Selon les représentants des habitants de ladite cité, les services de l’APC de Sidi Bel Abbés avaient installé il y a quatre mois, des lampes LED au niveau de certaines rues sans doter les autres rues, laissant leurs locataires dans le noir. Ils craignent de sortir dans la rue dès le coucher du soleil, pour faire leurs commissions ou accomplir leurs prières du maghreb, El Ichaa et Fajr.
Leurs représentants ne cessent pas de faire le va et vient aux services de l’APC sollicitant la réparation de l’éclairage public, en vain, soutient-on.
«Que des promesses leur sont données», déplore t-on. Les élevés qui sortent de bon matin vers leurs établissements scolaires encourent également le danger.
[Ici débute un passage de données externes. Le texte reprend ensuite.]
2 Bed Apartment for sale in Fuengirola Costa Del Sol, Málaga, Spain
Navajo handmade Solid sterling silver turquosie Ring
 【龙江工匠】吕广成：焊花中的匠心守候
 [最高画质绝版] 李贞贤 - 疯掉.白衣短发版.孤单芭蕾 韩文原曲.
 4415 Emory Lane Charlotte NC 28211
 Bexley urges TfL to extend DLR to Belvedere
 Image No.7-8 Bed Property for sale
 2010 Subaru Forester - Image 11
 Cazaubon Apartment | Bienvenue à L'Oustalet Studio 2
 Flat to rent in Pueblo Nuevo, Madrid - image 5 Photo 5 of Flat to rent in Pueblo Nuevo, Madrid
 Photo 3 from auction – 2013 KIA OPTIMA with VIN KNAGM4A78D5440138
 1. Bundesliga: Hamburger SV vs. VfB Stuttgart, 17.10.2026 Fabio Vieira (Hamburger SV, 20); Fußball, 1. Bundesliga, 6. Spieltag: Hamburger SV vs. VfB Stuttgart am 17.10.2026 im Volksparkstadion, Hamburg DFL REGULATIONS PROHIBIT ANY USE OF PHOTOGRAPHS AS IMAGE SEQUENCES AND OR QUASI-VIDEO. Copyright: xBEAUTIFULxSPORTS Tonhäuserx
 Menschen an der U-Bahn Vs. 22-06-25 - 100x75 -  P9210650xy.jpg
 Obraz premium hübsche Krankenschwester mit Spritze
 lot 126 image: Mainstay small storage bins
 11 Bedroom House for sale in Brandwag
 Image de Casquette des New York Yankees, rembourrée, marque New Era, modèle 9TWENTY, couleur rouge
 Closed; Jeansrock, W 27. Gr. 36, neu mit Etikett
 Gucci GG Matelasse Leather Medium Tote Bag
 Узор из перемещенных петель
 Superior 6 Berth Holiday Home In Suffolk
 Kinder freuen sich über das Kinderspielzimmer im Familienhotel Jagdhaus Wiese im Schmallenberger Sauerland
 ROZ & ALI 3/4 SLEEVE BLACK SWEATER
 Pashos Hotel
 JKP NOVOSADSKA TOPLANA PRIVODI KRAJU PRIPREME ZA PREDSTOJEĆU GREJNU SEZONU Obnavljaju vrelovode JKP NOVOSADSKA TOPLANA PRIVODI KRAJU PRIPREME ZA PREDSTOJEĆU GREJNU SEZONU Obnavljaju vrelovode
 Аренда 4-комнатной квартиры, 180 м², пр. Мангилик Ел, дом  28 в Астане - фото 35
Ils peuvent rencontrer dans leur chemin des délinquants ou des chiens errants affamés.
Ils diront ignorer les raisons de l’arrêt des travaux d’équipement de leur cité de lampes LED.
Dans une déclaration faite récemment à la presse, le président de l’APC de Sidi Bel Abbes avait indiqué que ses services avaient installé 5000 lampes LED, à travers les quartiers pour améliorer l’éclairage public et a annoncé l’installation au cours de la semaine prochaine de 1000 lampes LED et 4000 autres seront installées après le mois de Ramadhan, afin de faire rétablir l’éclairage au niveau de 29000 poteaux électriques, à travers toute la ville.